Today has seen the publication of Ari Vatanen’s FIA presidential manifesto and also a further document on proposed changes to the FIA statutes from his rival for the role, Jean Todt. Both men talk of teamwork, change and transparency. Vatanen goes one stage further and talks of ‘honesty’.
The pair worked together at Peugeot in the 1980s, most notably in the Paris Dakar rally, where Todt famously flipped a coin to decide which of his two drivers, Vatanen or Jacky Ickx would win the event. Now they are squaring up for a battle and they are starting to get proactive.
The two men both talk about possible changes to the voting system for electing presidents in the future with regard to the controversial lists system, whereby a candidate has to have a cabinet in order to run for office, “which is believed by some to weight in favour of an incumbent,” according to Todt. It certainly is. Max Mosley told us at the start of the year that he introduced that statute as a kind of early warning device to alert him to any threats to his office. Because any candidate would have to sound out potential cabinet members, the president would soon get to hear about it.
Todt is pressing Vatanen on the subject of how much influence the individual nations’ member clubs should have. He says that Vatanen wants clubs from big nations like Germany and the USA, to have more voting power. Vatanen denies this.

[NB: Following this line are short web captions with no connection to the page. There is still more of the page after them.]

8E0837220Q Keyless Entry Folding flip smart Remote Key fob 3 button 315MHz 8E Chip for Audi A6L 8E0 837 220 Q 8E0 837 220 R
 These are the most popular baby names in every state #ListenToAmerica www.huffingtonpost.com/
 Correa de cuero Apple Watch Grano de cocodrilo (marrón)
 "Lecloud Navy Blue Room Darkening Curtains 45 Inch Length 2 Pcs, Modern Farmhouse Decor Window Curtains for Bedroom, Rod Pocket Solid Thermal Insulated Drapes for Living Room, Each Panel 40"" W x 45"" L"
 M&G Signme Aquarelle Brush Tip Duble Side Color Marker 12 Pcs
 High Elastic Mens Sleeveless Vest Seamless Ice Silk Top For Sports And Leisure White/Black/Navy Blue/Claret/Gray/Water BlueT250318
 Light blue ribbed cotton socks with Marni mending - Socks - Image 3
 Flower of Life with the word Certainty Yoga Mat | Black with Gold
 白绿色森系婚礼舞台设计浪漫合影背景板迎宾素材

This will clearly be a key battleground in the forthcoming election.
Vatanen signs off his brief manifesto document with an Obama-esque call to arms, “Our cause is noble. Together we can.”
Todt’s document concerns changes to the FIA statutes, but one area I’ve not seen discussed yet is the issue of the financial reward for the job of FIA president. Under Max Mosley the job has offered no salary to the incumbent, it is a voluntary position. Both Vatanen and Todt are both wealthy men, but one wonders whether they will seek recompense for their work, once elected.